EXERCISE
An exact copy of all the entries below is what this task needs.

PROVIDED RECORDS
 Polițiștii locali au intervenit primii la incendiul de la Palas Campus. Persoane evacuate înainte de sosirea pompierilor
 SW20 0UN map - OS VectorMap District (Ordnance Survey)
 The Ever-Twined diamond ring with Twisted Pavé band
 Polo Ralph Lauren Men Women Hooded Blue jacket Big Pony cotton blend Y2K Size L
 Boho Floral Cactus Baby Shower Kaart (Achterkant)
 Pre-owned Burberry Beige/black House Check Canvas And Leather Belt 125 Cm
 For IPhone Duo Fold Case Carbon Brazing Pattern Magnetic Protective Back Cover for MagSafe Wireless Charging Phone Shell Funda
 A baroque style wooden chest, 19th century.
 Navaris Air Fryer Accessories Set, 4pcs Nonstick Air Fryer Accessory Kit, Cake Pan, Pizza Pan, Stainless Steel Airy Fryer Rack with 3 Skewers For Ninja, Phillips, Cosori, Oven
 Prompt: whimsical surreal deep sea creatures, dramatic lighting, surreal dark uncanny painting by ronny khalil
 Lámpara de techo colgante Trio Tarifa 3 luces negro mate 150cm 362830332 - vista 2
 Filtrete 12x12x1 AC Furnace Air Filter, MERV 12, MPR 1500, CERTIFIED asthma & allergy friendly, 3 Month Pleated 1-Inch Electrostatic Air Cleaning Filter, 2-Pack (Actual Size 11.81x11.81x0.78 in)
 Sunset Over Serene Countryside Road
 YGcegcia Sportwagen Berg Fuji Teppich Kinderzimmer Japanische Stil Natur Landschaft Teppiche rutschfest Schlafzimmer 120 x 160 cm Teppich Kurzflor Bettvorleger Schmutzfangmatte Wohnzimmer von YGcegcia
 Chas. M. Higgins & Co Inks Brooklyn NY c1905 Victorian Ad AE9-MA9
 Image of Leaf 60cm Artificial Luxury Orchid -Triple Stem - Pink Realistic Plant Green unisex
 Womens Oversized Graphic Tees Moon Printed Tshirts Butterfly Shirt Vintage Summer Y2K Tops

RESULT OF THIS TASK
 Polițiștii locali au intervenit primii la incendiul de la Palas Campus. Persoane evacuate înainte de sosirea pompierilor
 SW20 0UN map - OS VectorMap District (Ordnance Survey)
 The Ever-Twined diamond ring with Twisted Pavé band
 Polo Ralph Lauren Men Women Hooded Blue jacket Big Pony cotton blend Y2K Size L
 Boho Floral Cactus Baby Shower Kaart (Achterkant)
 Pre-owned Burberry Beige/black House Check Canvas And Leather Belt 125 Cm
 For IPhone Duo Fold Case Carbon Brazing Pattern Magnetic Protective Back Cover for MagSafe Wireless Charging Phone Shell Funda
 A baroque style wooden chest, 19th century.
 Navaris Air Fryer Accessories Set, 4pcs Nonstick Air Fryer Accessory Kit, Cake Pan, Pizza Pan, Stainless Steel Airy Fryer Rack with 3 Skewers For Ninja, Phillips, Cosori, Oven
 Prompt: whimsical surreal deep sea creatures, dramatic lighting, surreal dark uncanny painting by ronny khalil
 Lámpara de techo colgante Trio Tarifa 3 luces negro mate 150cm 362830332 - vista 2
 Filtrete 12x12x1 AC Furnace Air Filter, MERV 12, MPR 1500, CERTIFIED asthma & allergy friendly, 3 Month Pleated 1-Inch Electrostatic Air Cleaning Filter, 2-Pack (Actual Size 11.81x11.81x0.78 in)
 Sunset Over Serene Countryside Road
 YGcegcia Sportwagen Berg Fuji Teppich Kinderzimmer Japanische Stil Natur Landschaft Teppiche rutschfest Schlafzimmer 120 x 160 cm Teppich Kurzflor Bettvorleger Schmutzfangmatte Wohnzimmer von YGcegcia
 Chas. M. Higgins & Co Inks Brooklyn NY c1905 Victorian Ad AE9-MA9
 Image of Leaf 60cm Artificial Luxury Orchid -Triple Stem - Pink Realistic Plant Green unisex
 Womens Oversized Graphic Tees Moon Printed Tshirts Butterfly Shirt Vintage Summer Y2K Tops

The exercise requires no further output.